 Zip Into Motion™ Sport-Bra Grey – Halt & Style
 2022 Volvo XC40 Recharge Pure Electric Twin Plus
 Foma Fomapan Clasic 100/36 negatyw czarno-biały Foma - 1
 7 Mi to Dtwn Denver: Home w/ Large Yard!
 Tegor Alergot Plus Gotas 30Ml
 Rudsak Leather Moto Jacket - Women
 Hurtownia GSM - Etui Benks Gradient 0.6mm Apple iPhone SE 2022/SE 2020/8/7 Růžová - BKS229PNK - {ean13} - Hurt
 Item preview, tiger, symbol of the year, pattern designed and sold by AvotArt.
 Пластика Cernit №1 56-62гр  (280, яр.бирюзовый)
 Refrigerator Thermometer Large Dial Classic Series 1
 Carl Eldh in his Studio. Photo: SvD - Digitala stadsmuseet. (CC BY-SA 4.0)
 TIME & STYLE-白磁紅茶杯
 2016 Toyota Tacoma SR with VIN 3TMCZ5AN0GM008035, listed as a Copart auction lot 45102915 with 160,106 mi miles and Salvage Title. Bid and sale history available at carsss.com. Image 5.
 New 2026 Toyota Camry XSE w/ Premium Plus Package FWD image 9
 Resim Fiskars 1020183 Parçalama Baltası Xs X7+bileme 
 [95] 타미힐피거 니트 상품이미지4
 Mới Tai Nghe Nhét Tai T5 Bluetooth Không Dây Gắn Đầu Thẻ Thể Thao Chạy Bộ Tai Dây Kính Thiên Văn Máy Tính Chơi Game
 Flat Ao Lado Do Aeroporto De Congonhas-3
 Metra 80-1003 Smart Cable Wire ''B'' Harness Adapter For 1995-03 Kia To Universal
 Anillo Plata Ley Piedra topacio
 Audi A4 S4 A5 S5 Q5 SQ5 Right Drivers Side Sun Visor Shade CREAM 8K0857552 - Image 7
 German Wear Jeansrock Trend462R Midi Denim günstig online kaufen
◆ ◆ ◆ ◆ ◆ ◆ ◆
#### WHAT THE TASK REQUIRES:
Could every record be printed again exactly as it reads?

#### ANSWER TO THIS TASK:
 Zip Into Motion™ Sport-Bra Grey – Halt & Style
 2022 Volvo XC40 Recharge Pure Electric Twin Plus
 Foma Fomapan Clasic 100/36 negatyw czarno-biały Foma - 1
 7 Mi to Dtwn Denver: Home w/ Large Yard!
 Tegor Alergot Plus Gotas 30Ml
 Rudsak Leather Moto Jacket - Women
 Hurtownia GSM - Etui Benks Gradient 0.6mm Apple iPhone SE 2022/SE 2020/8/7 Růžová - BKS229PNK - {ean13} - Hurt
 Item preview, tiger, symbol of the year, pattern designed and sold by AvotArt.
 Пластика Cernit №1 56-62гр  (280, яр.бирюзовый)
 Refrigerator Thermometer Large Dial Classic Series 1
 Carl Eldh in his Studio. Photo: SvD - Digitala stadsmuseet. (CC BY-SA 4.0)
 TIME & STYLE-白磁紅茶杯
 2016 Toyota Tacoma SR with VIN 3TMCZ5AN0GM008035, listed as a Copart auction lot 45102915 with 160,106 mi miles and Salvage Title. Bid and sale history available at carsss.com. Image 5.
 New 2026 Toyota Camry XSE w/ Premium Plus Package FWD image 9
 Resim Fiskars 1020183 Parçalama Baltası Xs X7+bileme 
 [95] 타미힐피거 니트 상품이미지4
 Mới Tai Nghe Nhét Tai T5 Bluetooth Không Dây Gắn Đầu Thẻ Thể Thao Chạy Bộ Tai Dây Kính Thiên Văn Máy Tính Chơi Game
 Flat Ao Lado Do Aeroporto De Congonhas-3
 Metra 80-1003 Smart Cable Wire ''B'' Harness Adapter For 1995-03 Kia To Universal
 Anillo Plata Ley Piedra topacio
 Audi A4 S4 A5 S5 Q5 SQ5 Right Drivers Side Sun Visor Shade CREAM 8K0857552 - Image 7
 German Wear Jeansrock Trend462R Midi Denim günstig online kaufen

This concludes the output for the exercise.